## Work instructions
An image-free, exact copy of the records below is required.
+++ Exercise materials +++
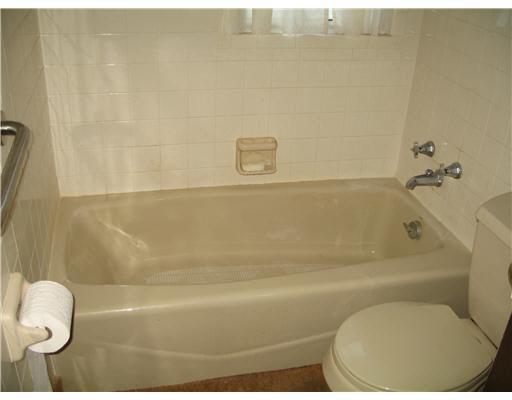 16610 Barton St, Granger, IN 46530 photo 9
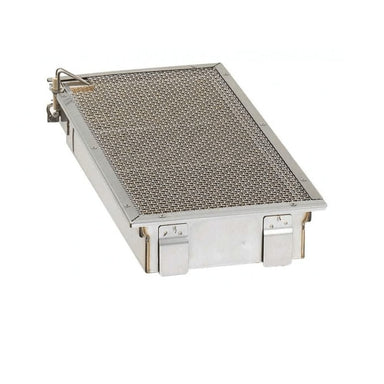 Fire Magic Infrared Burner for Aurora A430 and A540 Grills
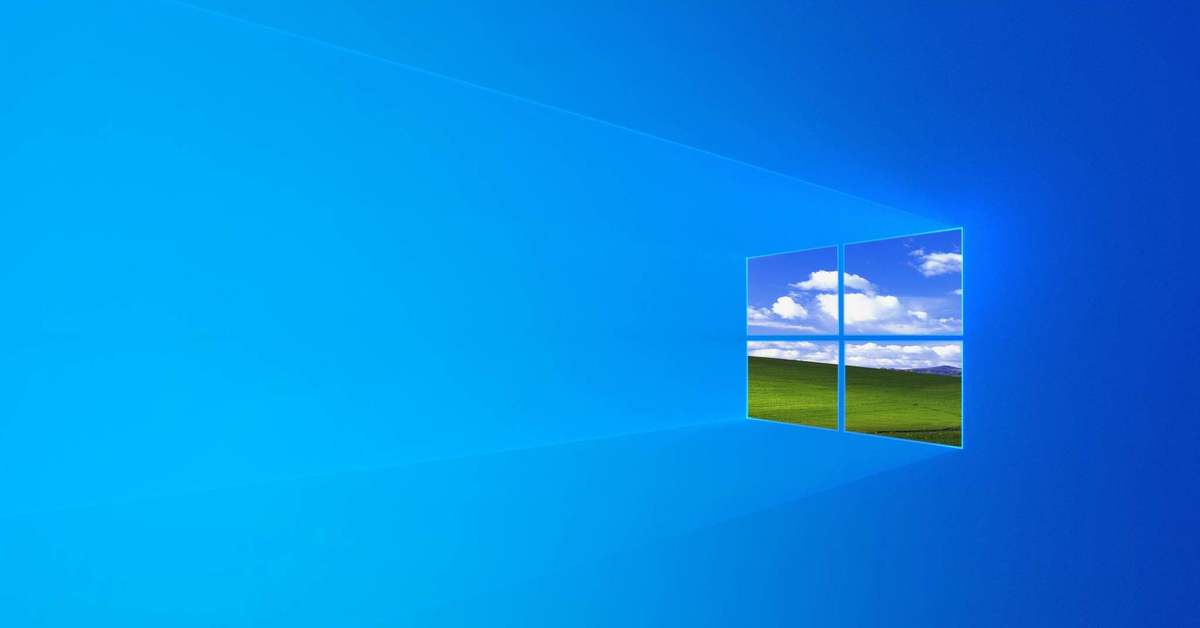 Windows v10. Фон виндовс 10. Дефолтный виндовс 10. Рабочий стол Windows 10.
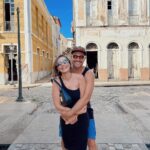 Rômulo Estrela Instagram - Maranhense, com orgulho. Com saudade. Com o coração cheio de amor, de memórias e com a esperança de ver minha terra prosperar e ser vista com a grandiosidade que é, com a riqueza cultural que possui, com gente que cuide dela do jeito que merece, do jeito que esse povo lindo e carinhoso merece viver. Até logo meu Maranhão, já já tô de volta… ❤️ São Luís MA Ilha do Amor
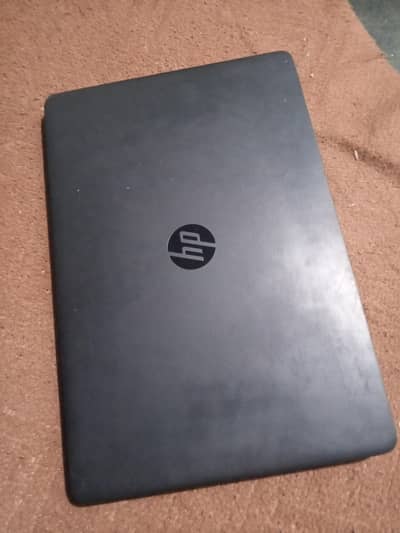 urgent sale for just 33 thousand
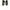 Miu Miu Casual Sneakers Wanita gray photo 4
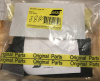 Ремень ESAB Shoulder strap 0445197880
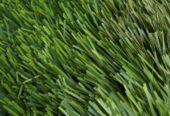Artificial turf grass carpet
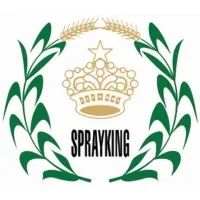 Sprayking Limited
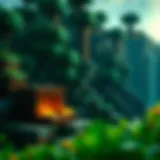 Exploring Pocket Minecraft Download: Your Comprehensive Guide Introduction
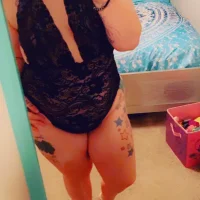 blueberrymuffinn94's Profile Pic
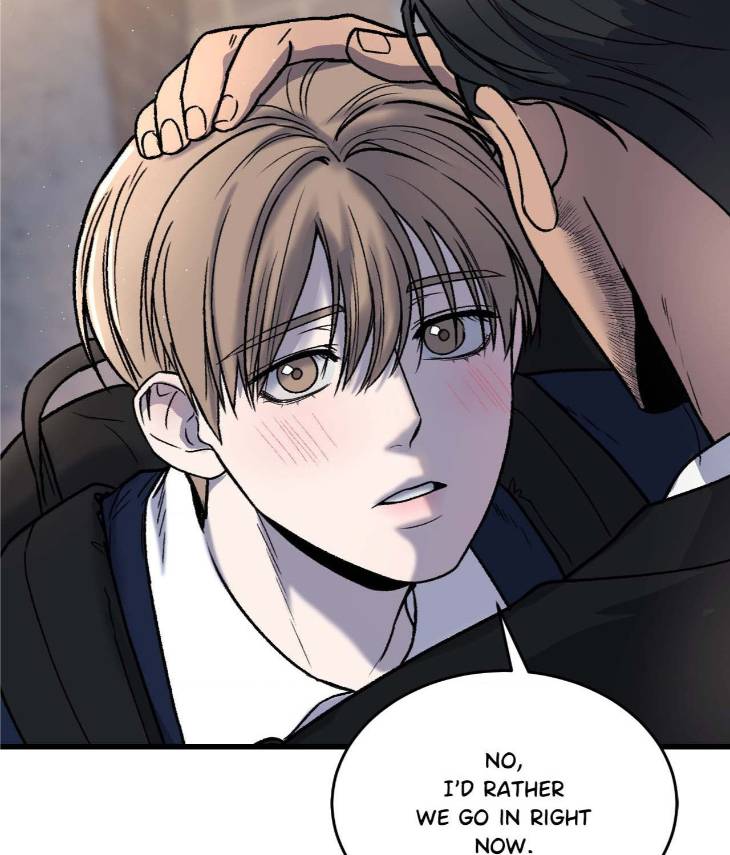 My-Sadistic-Master-By-Seo-Byeol-Uncensored-Eng page 97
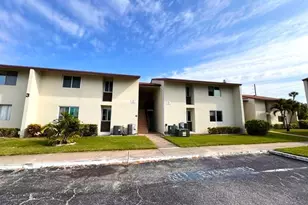 5801 N Atlantic Ave, Cape Canaveral, FL 32920 - Photo 1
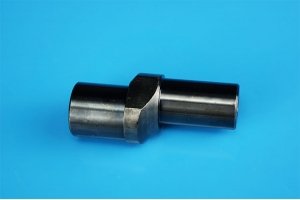 DLE200 Propeller Positioning Plate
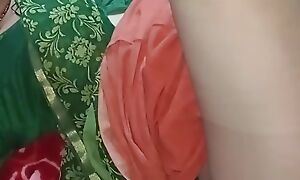In a beeline sister-in-law's pussy got hot, she said turtle-dove me, turtle-dove me hard, lalita bhabhi xxx video, Indian hot main lalita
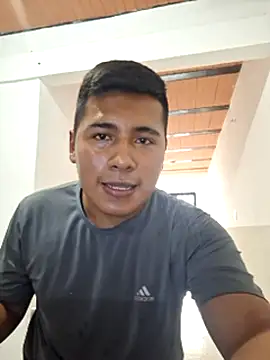 Snapshot of Willner08 chatting on 25, 2, 2025 Willner08 online show from 25, 2, 2025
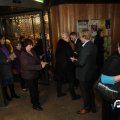 IMG_843638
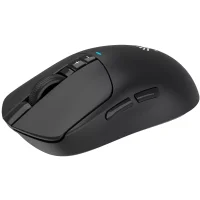 Игровая мышь A4Tech Bloody R72 Pro (черный) фото 2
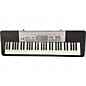 Used Casio LK-165 thumbnail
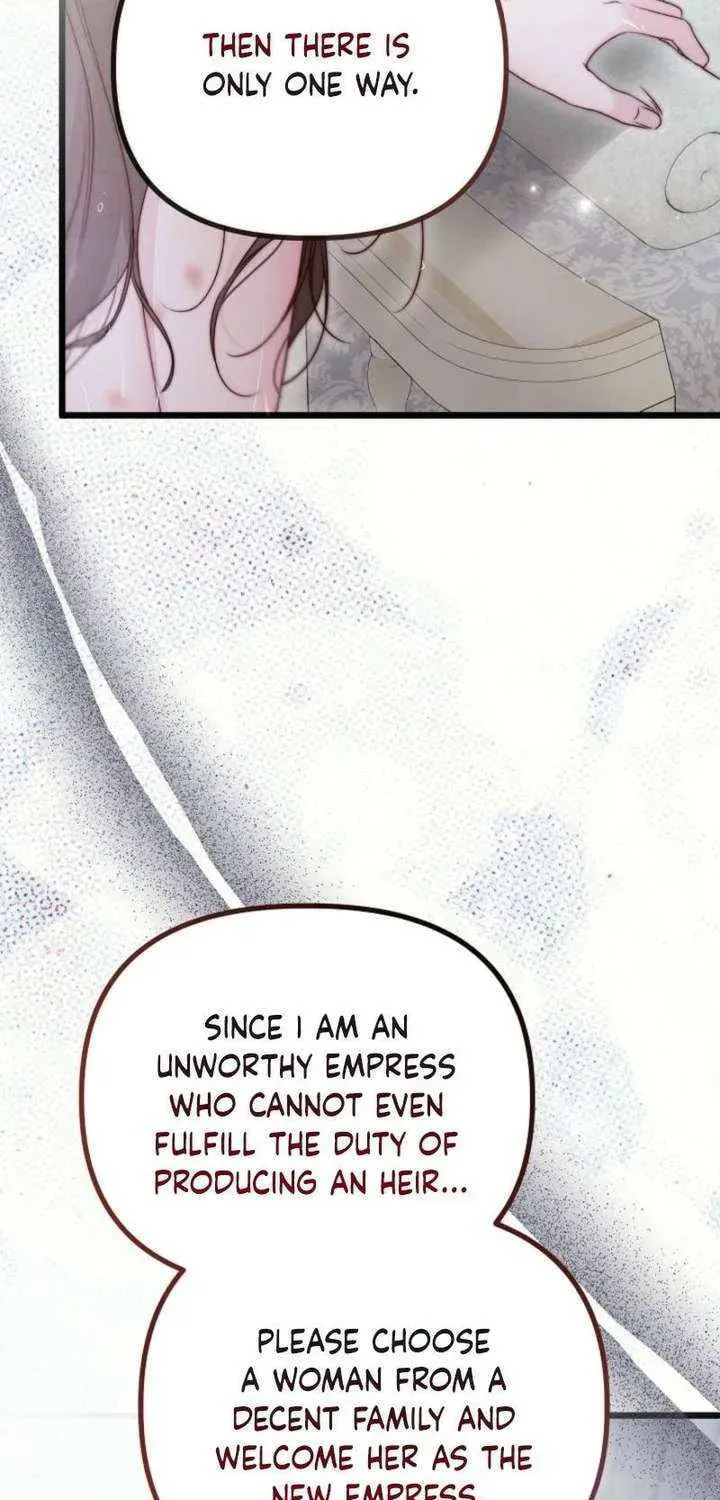 Read Please Save Me chapter 90 image 61 on Lezhin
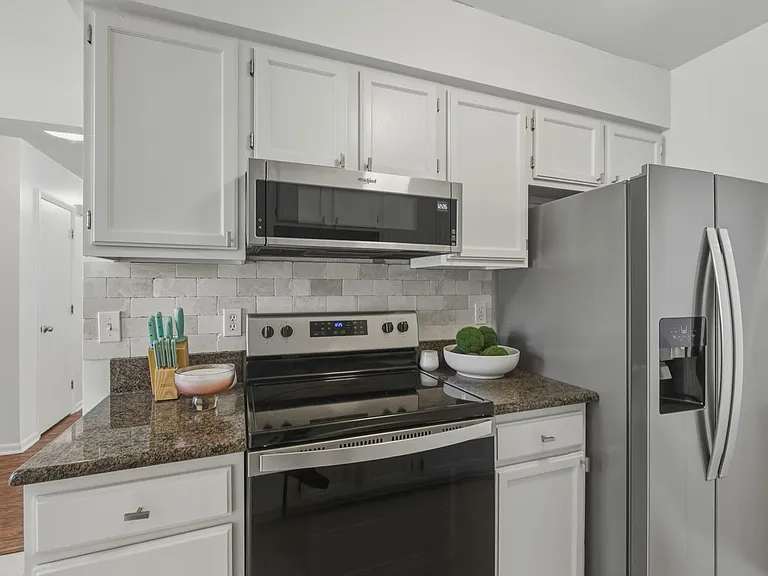 1077 Sardis Cove Dr — Photo 15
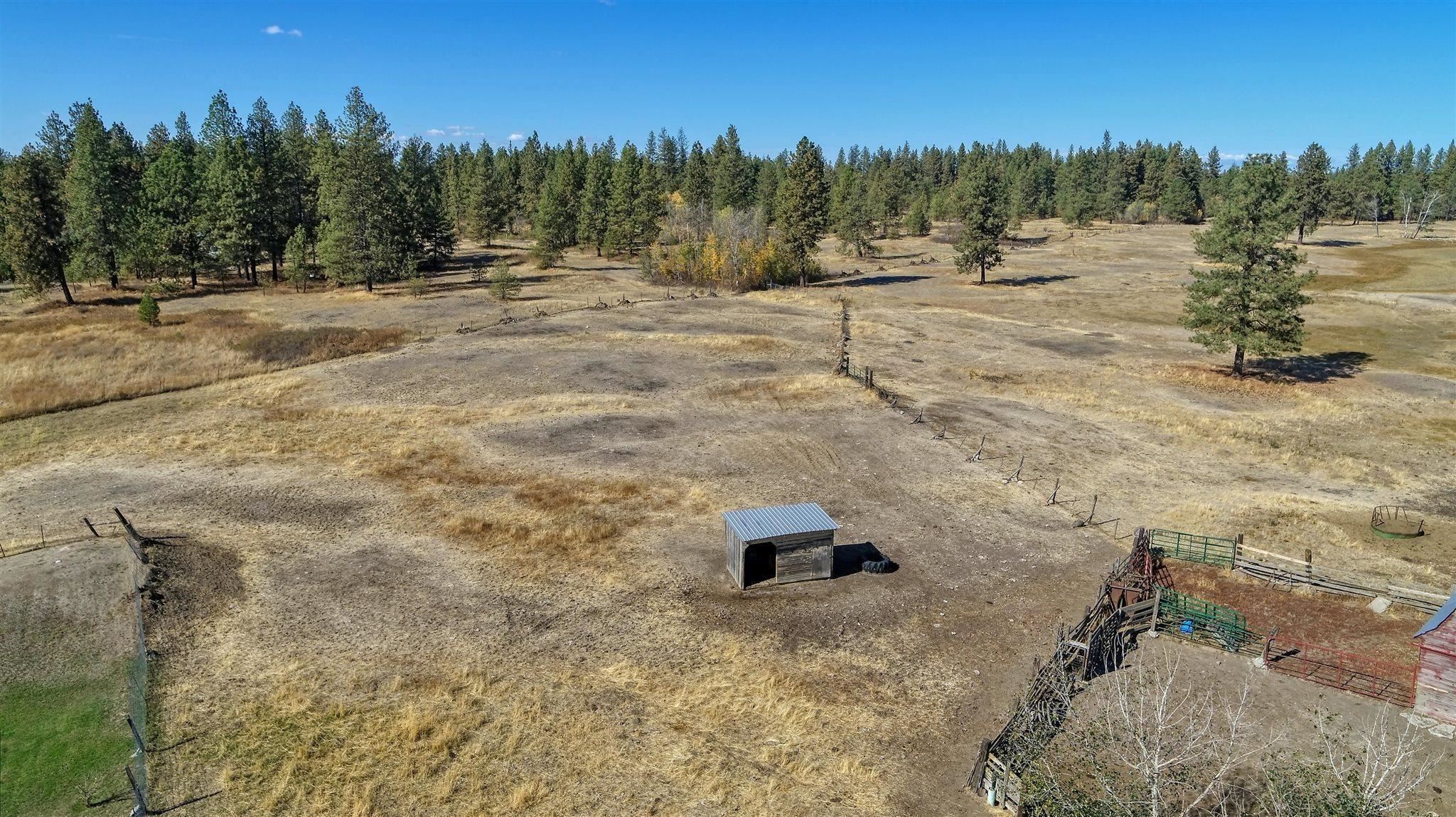 20112 W Baker Rd - Photo 5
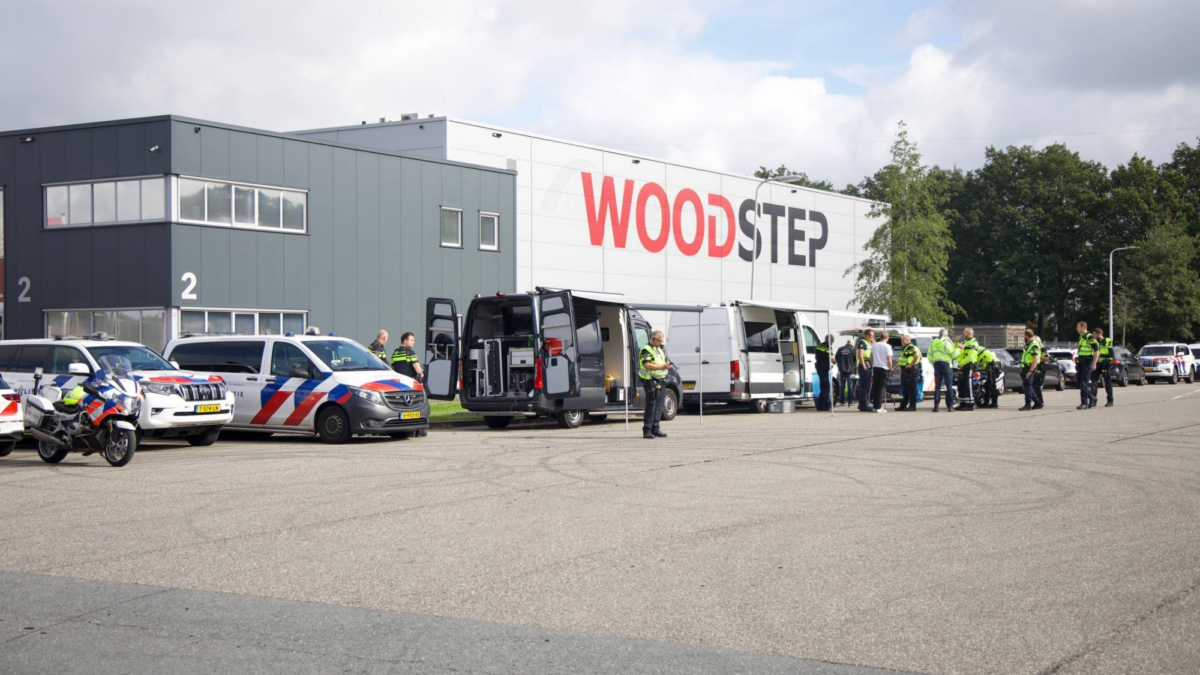 Wierden 20260922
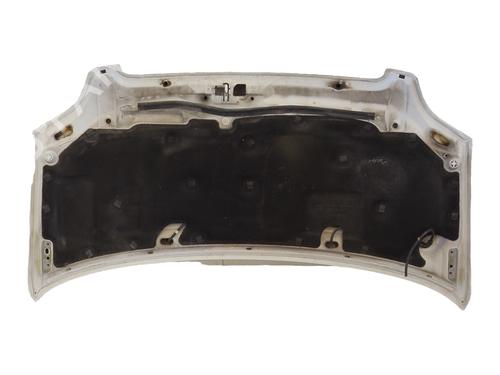 Used Hood Hood OPEL AGILA A (H00) 1.3 CDTI (F68) (70 hp) 36307424 36307424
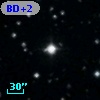 BD+21  1496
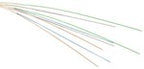 Splitter 1x16 G.657A Singlemode 0.9mm
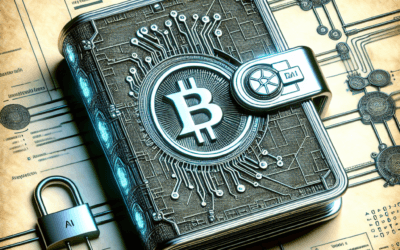 Binance AI Wallet Unveiled: Keyless ‘Agentic Wallet’ for Web3 Automation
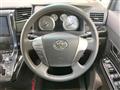 2014 Toyota Vellfire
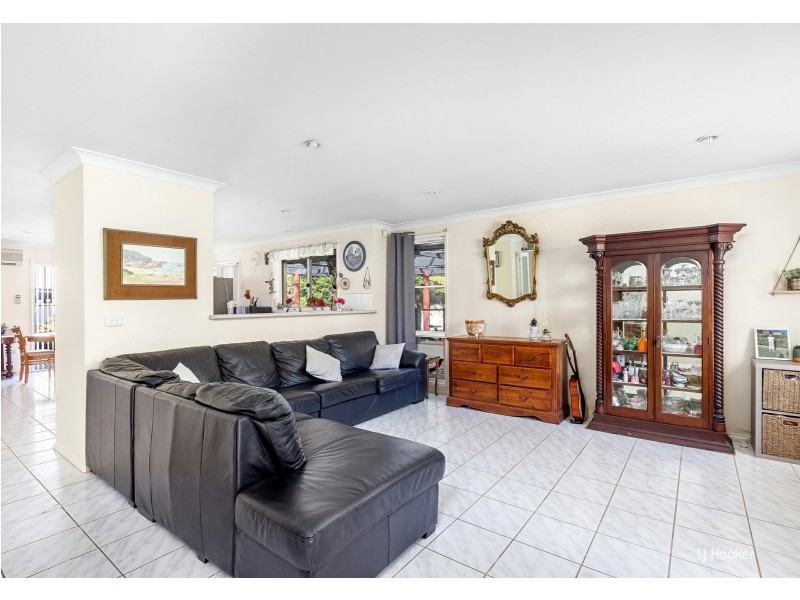 29 Gilchrist Road, Salamander Bay NSW 2317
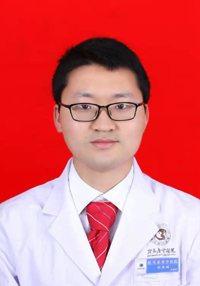 时亚明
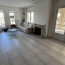  11-34 IMMOBILIER : Maison / Villa | OLONZAC (34210) | 130 m2 | 499 000 € 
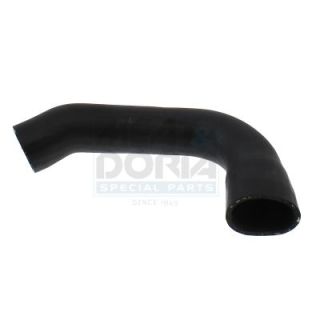 Kompresoriaus padavimo žarna MEAT & DORIA 96867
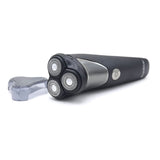 RSD-TX01 Shaver Royelstor, Home & Lifestyle, Shaver & Trimmers, Chase Value, Chase Value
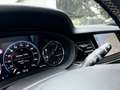 Opel Insignia Business Elegance Rot - thumbnail 11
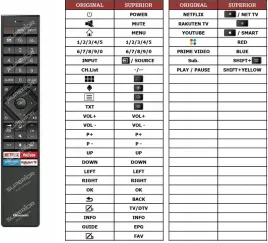 pilot-do-hisense-erf6a62-t244154-h50u7b-h65u8b
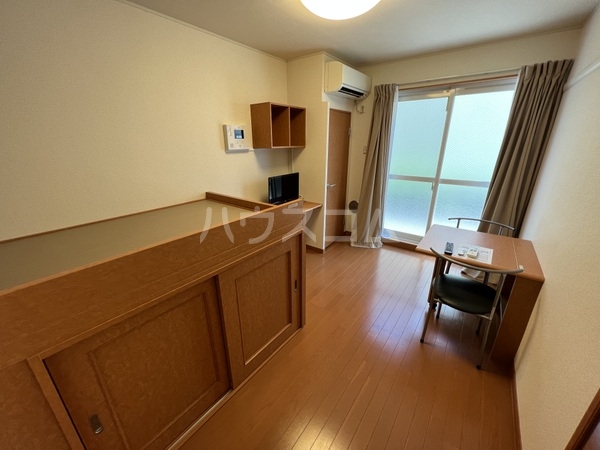 3/16 リビング/ダイニング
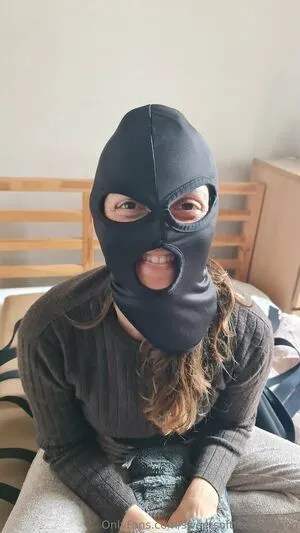 Sweetsoftfeet Tickling OnlyFans Leaked Free Thumbnail Picture - #bB0kqTaf72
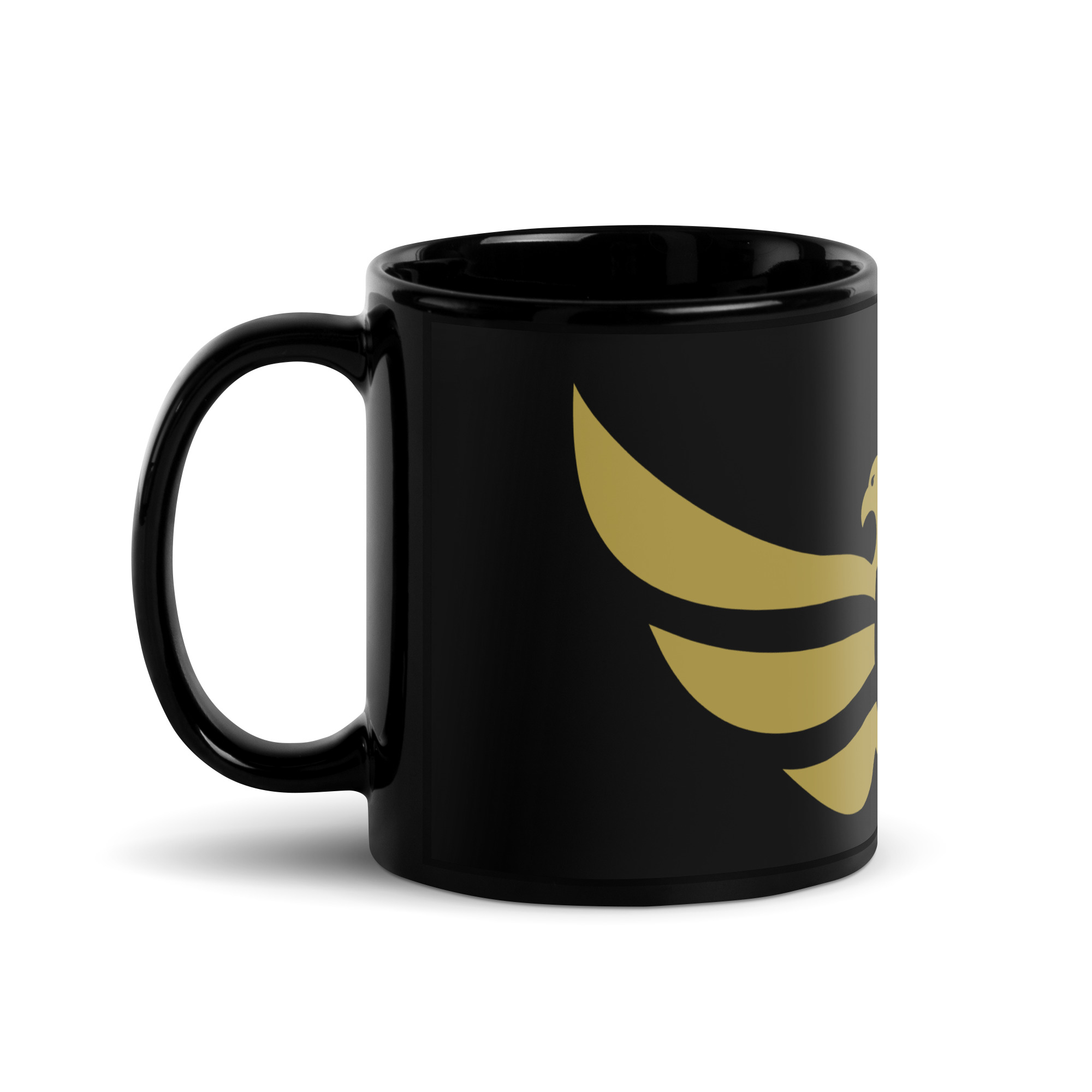 black-glossy-mug-black-11-oz-handle-on-left-68d243c032ccf.jpg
+++
## Expected answer
 16610 Barton St, Granger, IN 46530 photo 9
 Fire Magic Infrared Burner for Aurora A430 and A540 Grills
 Windows v10. Фон виндовс 10. Дефолтный виндовс 10. Рабочий стол Windows 10.
 Rômulo Estrela Instagram - Maranhense, com orgulho. Com saudade. Com o coração cheio de amor, de memórias e com a esperança de ver minha terra prosperar e ser vista com a grandiosidade que é, com a riqueza cultural que possui, com gente que cuide dela do jeito que merece, do jeito que esse povo lindo e carinhoso merece viver. Até logo meu Maranhão, já já tô de volta… ❤️ São Luís MA Ilha do Amor
 urgent sale for just 33 thousand
 Miu Miu Casual Sneakers Wanita gray photo 4
 Ремень ESAB Shoulder strap 0445197880
Artificial turf grass carpet
 Sprayking Limited
 Exploring Pocket Minecraft Download: Your Comprehensive Guide Introduction
 blueberrymuffinn94's Profile Pic
 My-Sadistic-Master-By-Seo-Byeol-Uncensored-Eng page 97
 5801 N Atlantic Ave, Cape Canaveral, FL 32920 - Photo 1
 DLE200 Propeller Positioning Plate
In a beeline sister-in-law's pussy got hot, she said turtle-dove me, turtle-dove me hard, lalita bhabhi xxx video, Indian hot main lalita
 Snapshot of Willner08 chatting on 25, 2, 2025 Willner08 online show from 25, 2, 2025
 IMG_843638
 Игровая мышь A4Tech Bloody R72 Pro (черный) фото 2
 Used Casio LK-165 thumbnail
 Read Please Save Me chapter 90 image 61 on Lezhin
 1077 Sardis Cove Dr — Photo 15
 20112 W Baker Rd - Photo 5
 Wierden 20260922
 Used Hood Hood OPEL AGILA A (H00) 1.3 CDTI (F68) (70 hp) 36307424 36307424
 BD+21  1496
 Splitter 1x16 G.657A Singlemode 0.9mm
 Binance AI Wallet Unveiled: Keyless ‘Agentic Wallet’ for Web3 Automation
 2014 Toyota Vellfire
 29 Gilchrist Road, Salamander Bay NSW 2317
 时亚明
  11-34 IMMOBILIER : Maison / Villa | OLONZAC (34210) | 130 m2 | 499 000 € 
 Kompresoriaus padavimo žarna MEAT & DORIA 96867
 RSD-TX01 Shaver Royelstor, Home & Lifestyle, Shaver & Trimmers, Chase Value, Chase Value
 Opel Insignia Business Elegance Rot - thumbnail 11
 pilot-do-hisense-erf6a62-t244154-h50u7b-h65u8b
 3/16 リビング/ダイニング
 Sweetsoftfeet Tickling OnlyFans Leaked Free Thumbnail Picture - #bB0kqTaf72
 black-glossy-mug-black-11-oz-handle-on-left-68d243c032ccf.jpg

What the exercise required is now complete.